The electronic journal Discrete Mathematics and Theoretical Computer Science defines the field of Analysis of Algorithms as follows:
Analysis of algorithms is concerned with accurate estimates of complexity parameters of algorithms and aims at predicting the behavior of a given algorithm run in a given environment. It develops general methods for obtaining closed-form formulae, asymptotic estimates, and probability distributions for combinatorial or probabilistic quantities, that are of interest in the optimization of algorithms. Interest is also placed on the methods themselves, whether combinatorial, probabilistic, or analytic. Combinatorial and statistical properties of discrete structures (strings, trees, tries, dags, graphs, and so on) as well as mathematical objects (e.g., continued fractions, polynomials, operators) that are relevant to the design of efficient algorithms are investigated.
Since its inception in 1963, the field has undergone substantial changes. We see now the emergence of combinatorial and asymptotic methods that allow the classification of data structures into broad categories that are amenable to a unified treatment. In recent years, probabilistic methods, which have been so successful in the study of random graphs and hard combinatorial optimization problems, have also been shown to play an important role in this field. These developments have two important consequences for the analysis of algorithms: it becomes possible to predict average behavior under more general probabilistic models than before; at the same time it becomes possible to analyze algorithms that are more structurally complex than before. To achieve these goals, the analysis of algorithms draws on a number of branches of mathematics: combinatorics, probability theory, graph theory, real and complex analysis, number theory, and occasionally algebra, geometry, operations research, and others.

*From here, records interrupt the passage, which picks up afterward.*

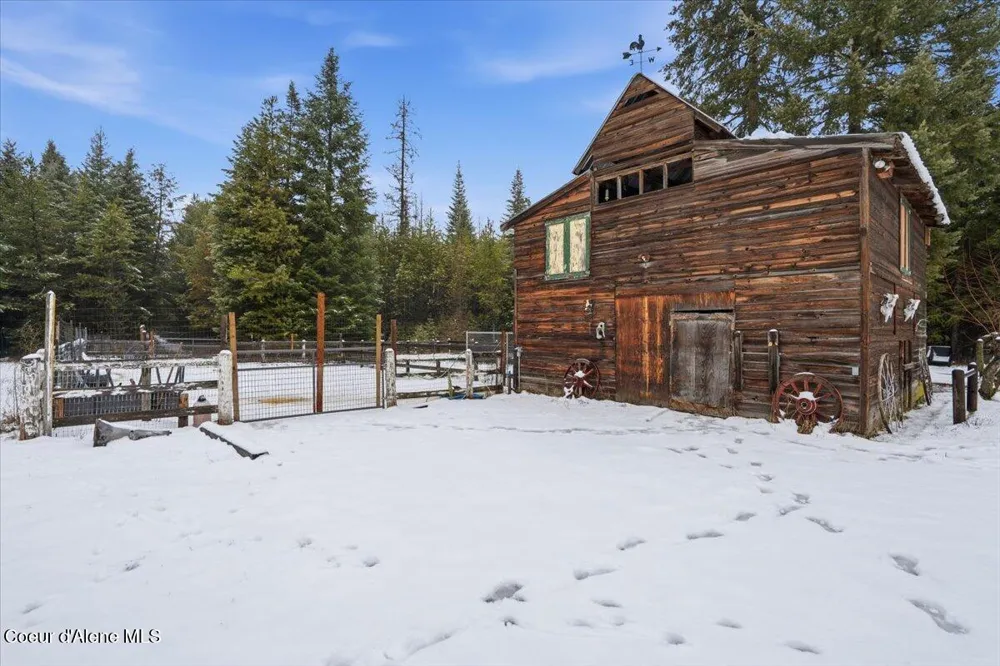 2495 Hoo Doo Loop Oldtown, ID 83822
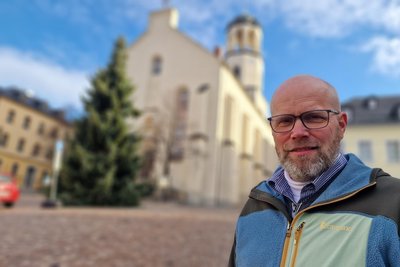 Denis Kirchhoff (54) wurde als Jugendlicher Opfer sexuellen Missbrauchs durch einen Kirchenangestellten in Auerbach. Innerhalb der Kirche wird das Geschehen aufgearbeitet.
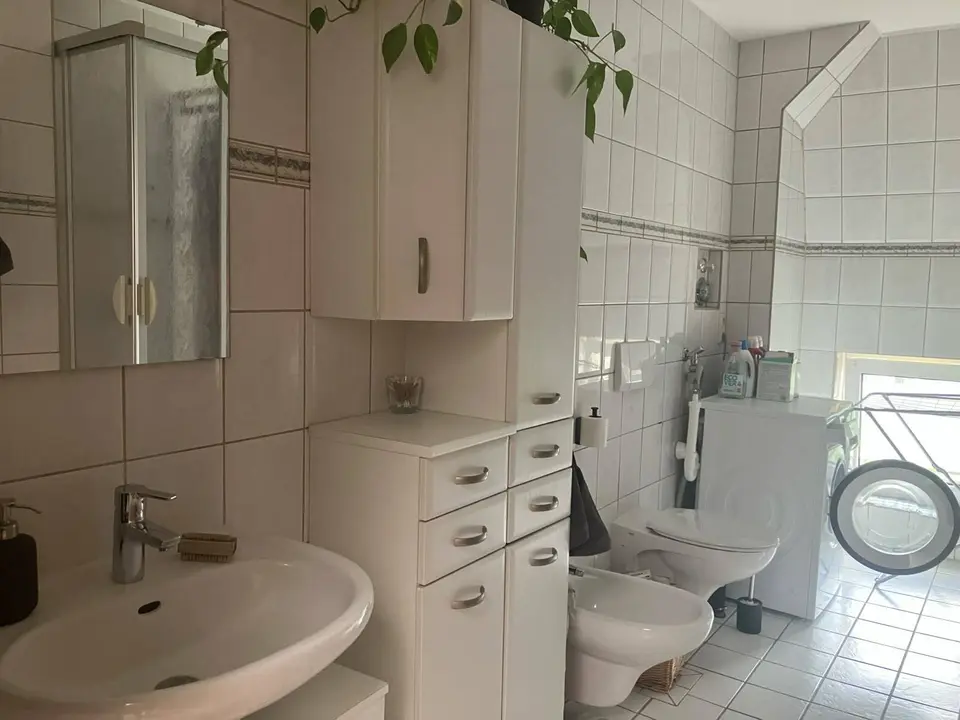 3 Zimmer Wohnung mit 77 m² in Halle (Saale) – Bild 8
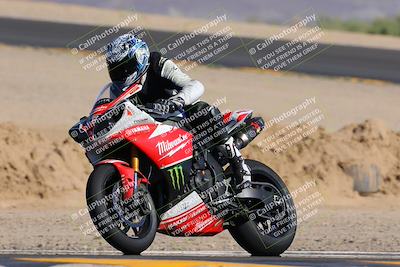 media/Oct-08-2022-SoCal Trackdays (Sat) [[1fc3beec89]]/Turn 10 (945am)/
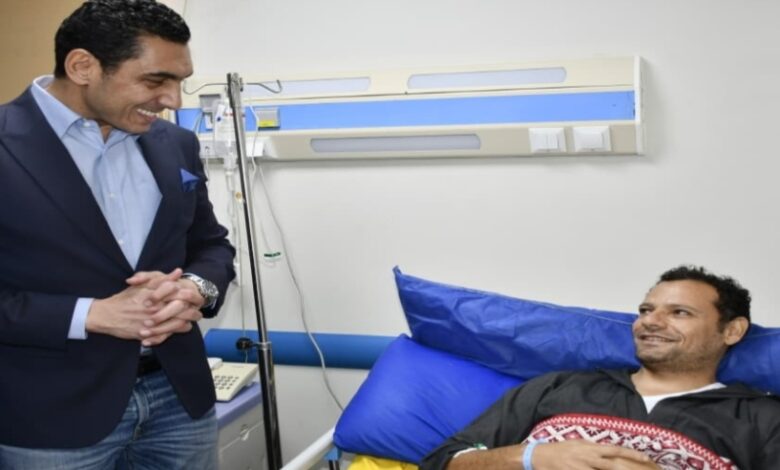 وزير الشباب والرياضة يزور احد عاملي النظافة بنادي النادي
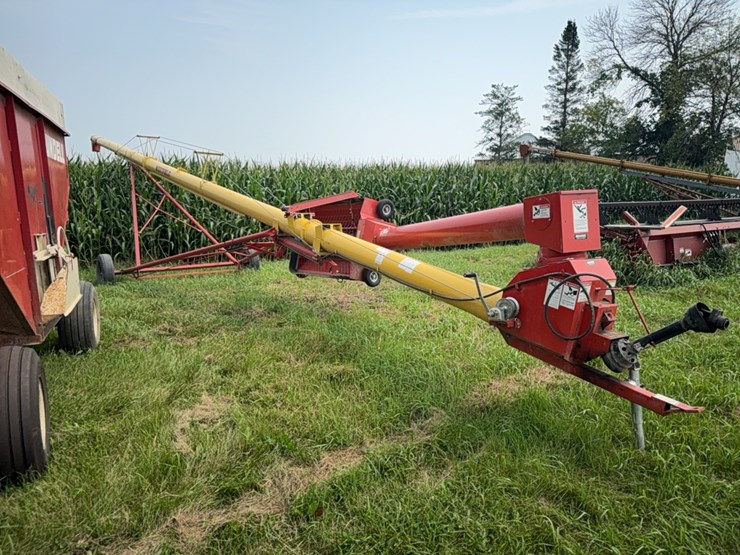 westfield-mk100-61-pto-auger-w/-hyd-lift,-swing-hopper,-10”-x-61’-image-1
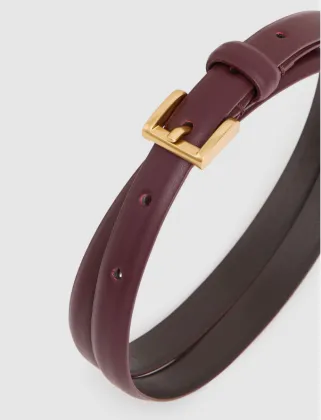 Thin leather belt in oxblood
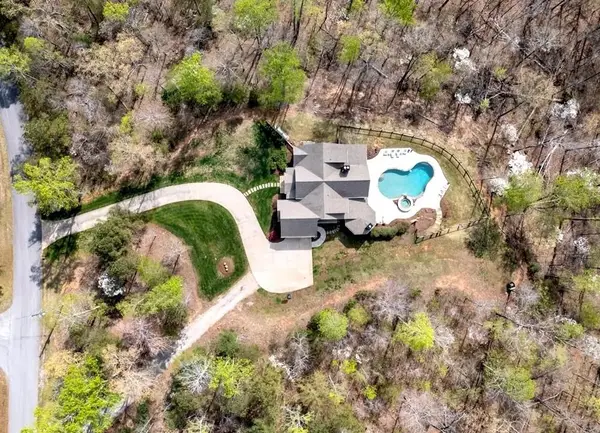 292 Etowah Drive, Dawsonville, GA 30534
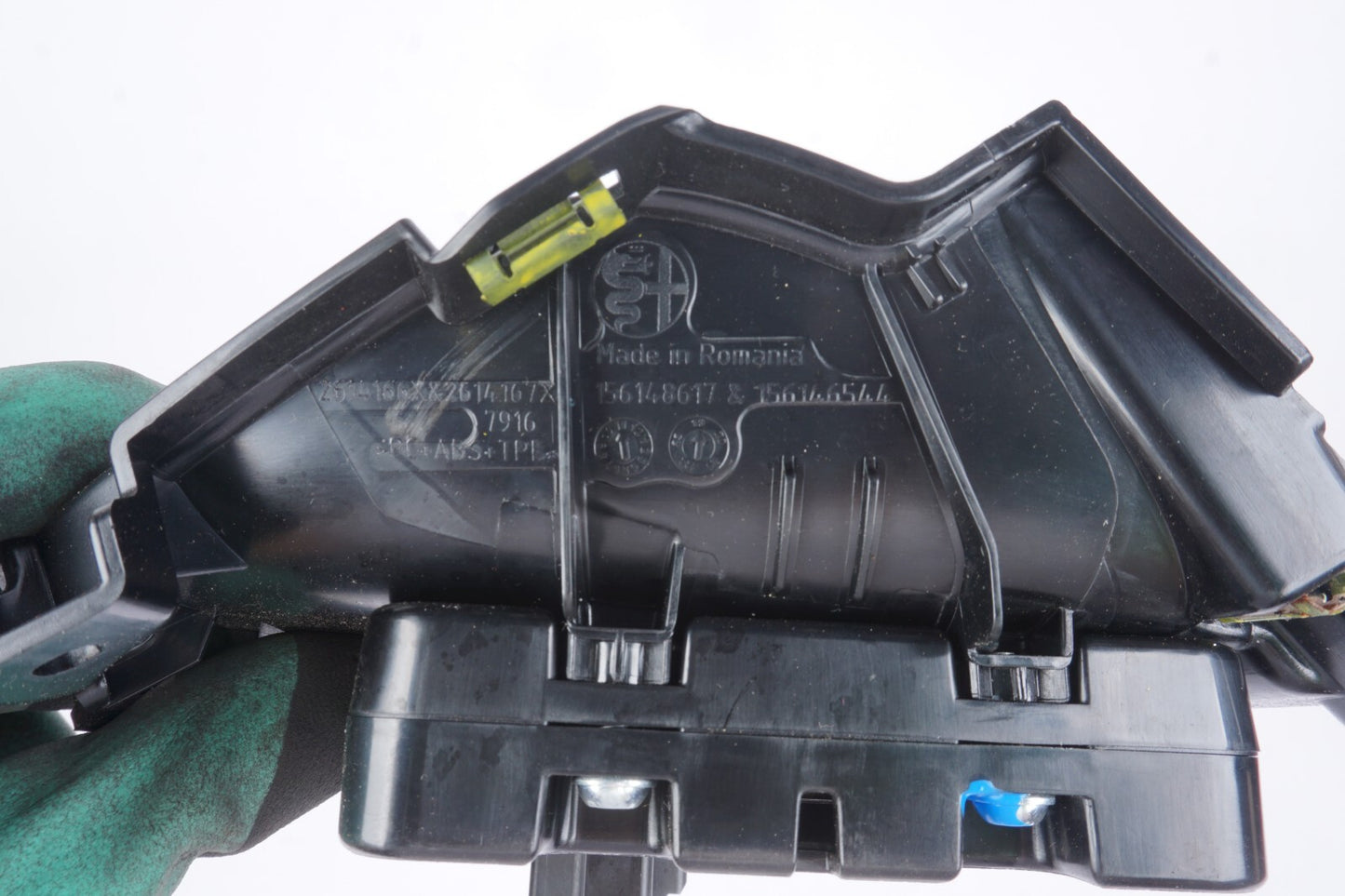 2020 - 2025 Alfa Romeo Giulia Wireless Charging Station 156148617 OEM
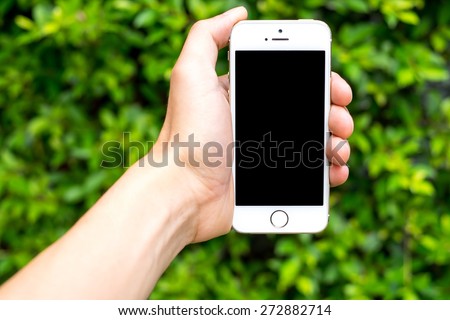 Black screen phone in Hand holding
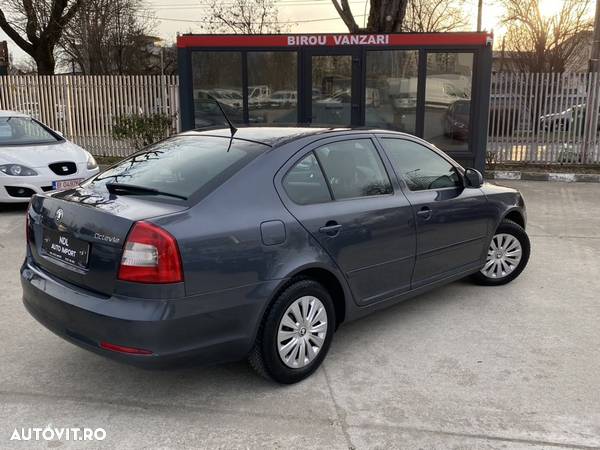 Skoda Octavia 1.6 TDI Ambiente - 3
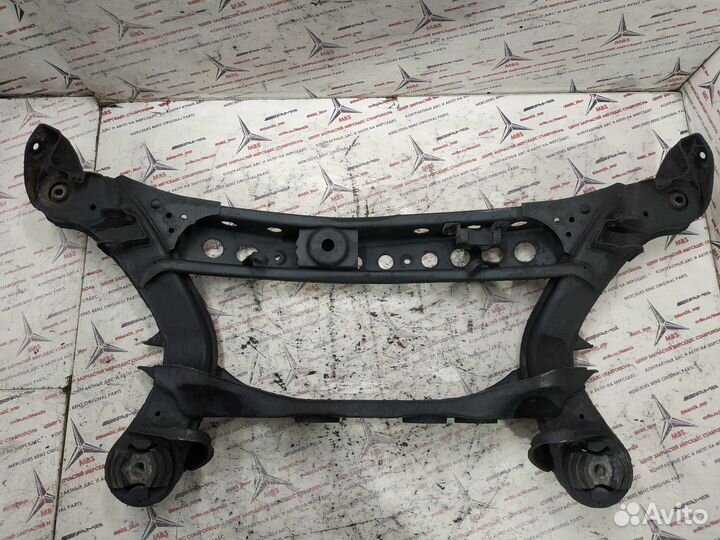 Подрамник задний w210 Mercedes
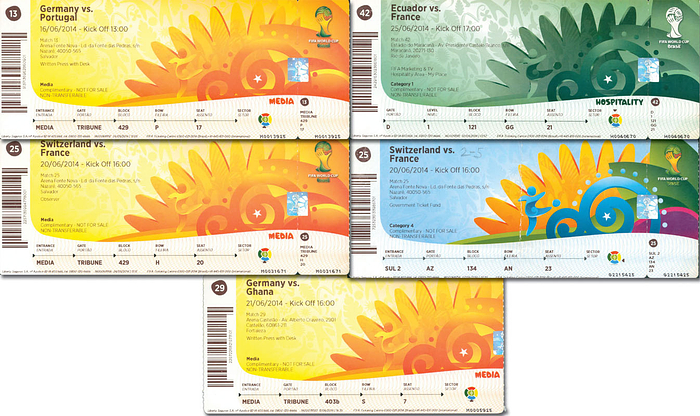 5 Eintrittkarten von der Fußball-Weltmeisterschaft 2014.  20,5x8,5 + 17x8,5 cm.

Information theory appears to be an area of strong synergy with analysis of algorithms. This synergy has already yielded very interesting results, such as the characterization of structural properties of the Lempel-Ziv parsing tree and a precise asymptotic characterization of the redundancy of the Lempel-Ziv data compression scheme. Thus, techniques from analysis of algorithms have given new insights into the structure of the algorithms used in information theory, as well as their information-theoretic performance.
The first half of this summer graduate program will focus on analytic combinatorics and algorithms, while information theory applications will be studied in the second. Lecturers will include P. Flajolet, G. Seroussi, W. Szpankowski, and M. Weinberger.
This summer graduate program will be followed by a one-week workshop on analysis of algorithms.